Há cem dias um grupo de mulheres e parentes dos 15 prisioneiros, jovens de 18 a 37 anos, mantidos em celas solitárias desde junho se mobilizam .

A tarefa de chamar a atenção da população, num país onde imprensa, cortes e sociedade civil são dominados pelo Estado é das mais difíceis. "Queremos que a comunidade internacional pressione, só assim o governo ouve", diz Marcelina de Brito, cujo irmão, o professor Inocêncio, 29, é um dos presos.

As mulheres fizeram duas manifestações em Luanda, ambas reprimidas pela polícia. "Vieram com porretes, soltaram os cães em cima de nós".

O governo afirma que o grupo tinha planos de convocar uma "insurreição".

"As consequências desta rebelião seriam incalculáveis. Seria como uma bola de neve. Inicialmente podia ser que nada acontecesse, mas também podia acontecer tudo e, como se diz, mais vale prevenir do que remediar", disse o vice-procurador-geral da República, Hélder Grós

No dia 28 de agosto houve manifestações em apoio aos presos políticos, em Luanda, Lisboa, Berlim e São Paulo. Manifestantes angolanos, defensores dos Direitos Humanos e do movimento da Diáspora uniram-se ao pedido de: “Liberdade Já! ” .

O que ocorre em Angola? Conversando com diversos militantes dos movimentos negros brasileiros, a primeira pergunta que surge: “Quem está contra é de direita? ”

Essa pergunta é extremamente pertinente, principalmente dos antigos militantes dos movimentos negros. Durante os anos de Ditadura Militar aqui no Brasil, havia uma ligação da iniciante organização do chamado “Moderno Movimento Negro” iniciado nos anos setenta com os movimentos de libertação africana.

O Brasil da Ditadura (mascarada com eleições indiretas no Congresso) tinha como estratégia a ocupação dos espaços políticos e econômicos das antigas metrópoles na África. Principalmente os países colonizados por Portugal. Uma controvérsia onde se reprimia a oposição, com cadeias, extermínios, assassinatos de prisioneiros, torturas, força policial e militar, abria-se uma via diplomática com movimentos revolucionários de esquerda.
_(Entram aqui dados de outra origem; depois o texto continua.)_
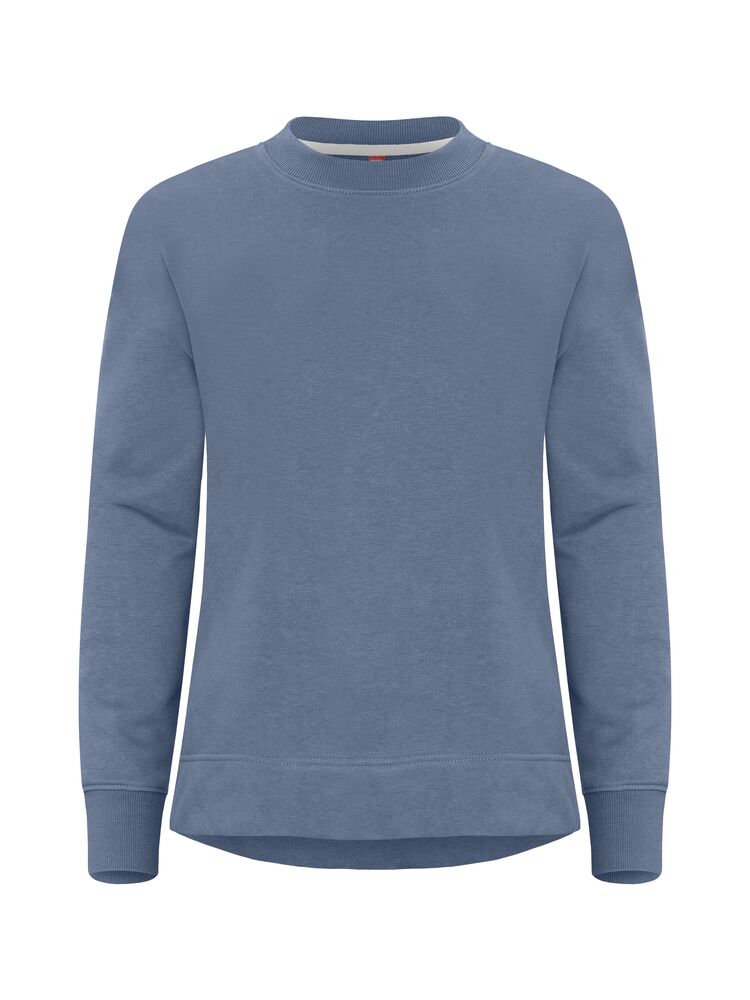 Miami PRO Roundneck Women 201052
Nós na época jovens entrávamos em contato com participantes, da Frente de Libertação de Moçambique FRELIMO, com angolanos participantes do Movimento Popular de Libertação de Angola (MPLA) que havia conseguido sua liberdade em 1974/75. Na época em São Paulo e em vários estados brasileiros, questionávamos a comemoração dos “Noventa Anos” da chamada Abolição que ocorreria no dia 13 de maio de 1978. O 13 de maio era comemorado com o governador indicado pelo presidente militar, e a chamada “comunidade negra” que apoiava os militares, ou que dizia que: “não devemos contestar a ditadura militar pois não é problema nosso”. O saudoso poeta professor Eduardo de Oliveira resumia muito bem: “Não podemos nos considerar uma comunidade, uma comunidade se apoia, se ajuda. Infelizmente não existe comunidade negra. ”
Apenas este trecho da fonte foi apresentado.